DarkgatePicture6 Figure 7 - ProcessHacker output showing an unbacked thread

These techniques, both in isolation and together, are significant indicators of injected code.

Detection Improvements

For defenders, detections and rule-based systems must be constantly evolving to fit a changing threat landscape and evolving techniques. This investigation presented opportunities to fingerprint indicators of malicious activity that had not been previously observed. 

One such rule was derived from a quirk in the curl activity used to download the .au3 file. As observed by both WithSecure and TrueSec , the URI at which the payload is hosted does not have an extension (as if it were a directory instead of a full URL).    This curl command then outputs the target URL to a file including the extension. This behaviour deviates enough from normal website design to be a very precise detection of the loader employed by DarkGate.

DarkgatePicture6 Figure 8 - The curl command used by the threat actors to download the AutoIT script, using a renamed curl binary ('bsup')

Additionally, DarkGate does not use the curl.exe binary located in “C:\Windows\System32”. Instead, it copies this binary to a new folder matching the pattern C:\<4 random chars>, likely to avoid any static signaturing of the usage of curl.exe by defenders. However, whilst attackers may be able to alter certain characteristics of helpful binaries, defenders should look at execution beyond what is presented at face value and evaluate various pieces of metadata within the binaries. In this case, although the attacker renamed the curl binary, it was possible to ascertain what the binary was due to the file’s original name contained within the signature information.  

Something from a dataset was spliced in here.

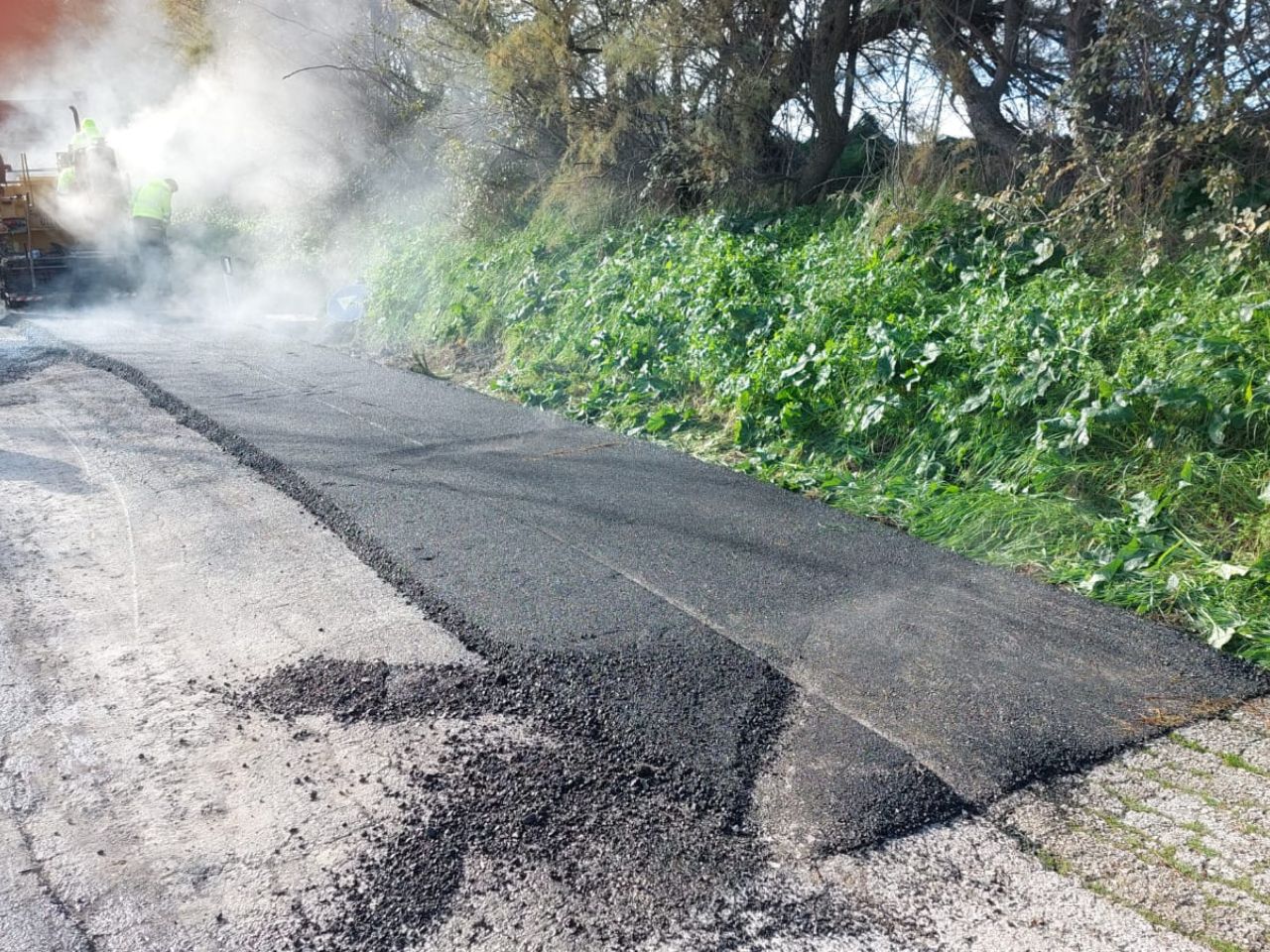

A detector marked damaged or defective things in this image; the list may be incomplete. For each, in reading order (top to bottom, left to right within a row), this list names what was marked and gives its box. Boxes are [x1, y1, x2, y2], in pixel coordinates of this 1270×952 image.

cracked road surface [0, 324, 1264, 949]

This, combined with the payload download behaviour detailed above is a surprisingly high-fidelity detection combination for the DarkGate loaders across multiple lures and infection chains.

Conclusion

The WithSecure MDR Detection and Response Team (DRT) has been conducting proactive threat hunting for historical and ongoing infections of DarkGate on our entire customer base. Infection via phishing payloads pretending to be job postings such as this is very common, however DarkGate represents a notable shift in the types of 2nd and 3rd stage payloads that usually follow. 

The most prominent difference is the type of malware to which DarkGate belongs. During the hunting performed, members of the DRT and WithSecure Threat Intelligence noted significant overlap in the organisations targeted by DarkGate and those targeted by DuckTail and its derivatives as documented in the previous report Meet the Ducks

DuckTail is primarily an infostealer and has no regard for stealth or even access to a target device. DuckTail is a single stage and is fire-and-forget, transmitting the acquired browser credentials via Telegram to the attacker. DarkGate, by comparison, is primarily a RAT and contains the prerequisites for obtaining long-term remote access to a compromised host, including staying undetected. This includes prioritizing stealth, which is achieved by the payload being memory-resident in multiple processes and persistent via the startup folder.  

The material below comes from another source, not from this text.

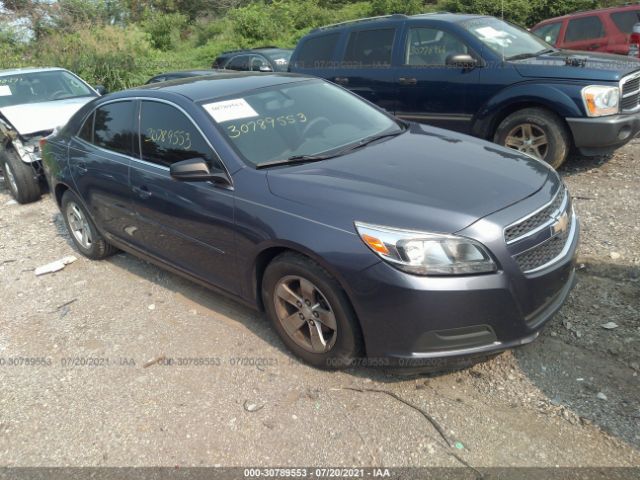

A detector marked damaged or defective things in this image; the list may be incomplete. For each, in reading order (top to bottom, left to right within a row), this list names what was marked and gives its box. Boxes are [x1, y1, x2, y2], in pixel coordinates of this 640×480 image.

damaged white car [0, 67, 102, 202]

With this comes the most evident shift from DuckTail; DarkGate is not built to specifically target browser credentials (specifically Meta, formerly Facebook, business accounts) like DuckTail, it is simply a commercial RAT being used by the threat actor who may or may not be linked to DuckTail. This is further evidenced by the fact that DRT only observed a single case of the threat actor directly targeting browser credentials. 

This shift obviously has significant implications for companies affected by DuckTail by function of the increased impact – with the presence of command execution comes the ability of privilege escalation, lateral movement and eventually domain dominance if undetected (or at least the ability to sell access to this foothold if the actor chooses to).